By Reed Baskin, M.D.
Editor’s note: It’s often insightful to read what is published about Birmingham in media outside of Birmingham. This piece was published by Doug Martinson last month in Huntsville on al.com under the same title.
Doug Martinson: “I was in Birmingham recently, and when our Uber driver asked where we were from, she talked about all the jobs in Huntsville and how Huntsville kept gaining population while Birmingham was losing population.
With three very large announcements in recent weeks, I thought it would be interesting to look at the parallels in Tennessee, comparing the trajectories of Nashville and Memphis with Huntsville and Birmingham.
Just this week, with the $6 billion Eli Lilly plant, Huntsville had the largest economic development project in Alabama history. It was also announced that the FBI would be moving 4,000 jobs to the area and there is an unveiling of the Space Command logo.

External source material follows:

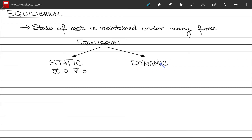Then we have dynamic equilibrium, where the body is not accelerating — so acceleration is zero — but it is moving, so velocity is not zero. Hence we term this dynamic equilibrium.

These projects are not luck. They are the result of long-term planning by the city and local businessmen and elected officials.
This week’s guest column is by my wife’s uncle, Reed Baskin, a retired oncologist who has lived in Memphis for 50 years and has watched Nashville grow rapidly, passing Memphis.”
By Reed Baskin, M.D.
In 2017, for the first time, Nashville slipped past Memphis. The Music City’s population of 660,388 surpassed Memphis’ population of 652,717, becoming Tennessee’s largest.

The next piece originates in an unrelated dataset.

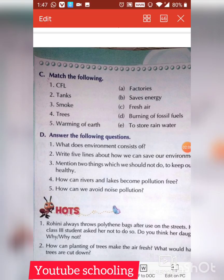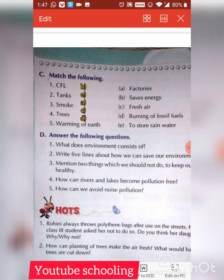Question C: Match the pair. Number one: CFLs — option B — save energy. Number two: tanks — option E — to store rainwater. Number three: smoke — option A — factories. Number four: trees — option C — fresh air. Number five: warming of Earth — option D — burning of fossil fuels.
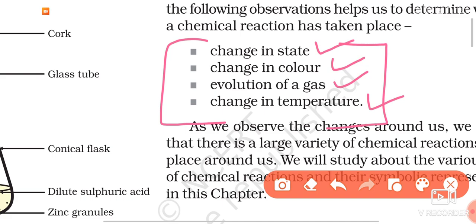So in this video, we got introduced to what a chemical reaction is. We can now define it: a chemical reaction is the process in which one substance gets converted into a chemically different substance. Examples include magnesium converting into magnesium oxide, iron converting into rust (iron oxide), lead nitrate converting into lead iodide, and zinc converting into zinc sulfate. In the next video, we will discuss the representation of chemical reactions, that is, chemical equations.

In Tennessee, it wasn’t just the cities. It was the whole surrounding areas.
During the first quarter of the 21st century, metro Nashville grew larger and wealthier than metro Memphis. In 2000, metro Memphis’ population of 974,000 exceeded metro Nashville’s population of 755,000 by over 200,000 people.

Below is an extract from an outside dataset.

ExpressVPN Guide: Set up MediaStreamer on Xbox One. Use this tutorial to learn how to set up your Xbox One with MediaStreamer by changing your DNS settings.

A quarter of a century later, the Nashville metro passed 2 million. In contrast, the Memphis metro, located on the Chickasaw bluffs overlooking the eastern banks of the Mississippi river, has less than 1.4 million people.
Two Tennessee cities, separated by 200 miles, have some similarities, but are poles apart in character.
Both cities depend on tourism. Nashville’s Centennial park has a full-sized replica of the Parthenon, while Memphis’s river front has a 30-story high Pyramid, now home of a Bass Pro megastore. The Hermitage, home of the seventh President of the United States Andrew Jackon, is located in metro Nashville. Memphis is home to Graceland.
Both cities have riverside attractions and public parks, but Memphis has one of the largest urban parks, Shelby Farms, in the country. Nashville has the Johnny Cash museum and Madame Tussauds museum, among others. Memphis has the National Civil Rights Museum, a soon to be relocated Brooks Museum on Front Street, among others.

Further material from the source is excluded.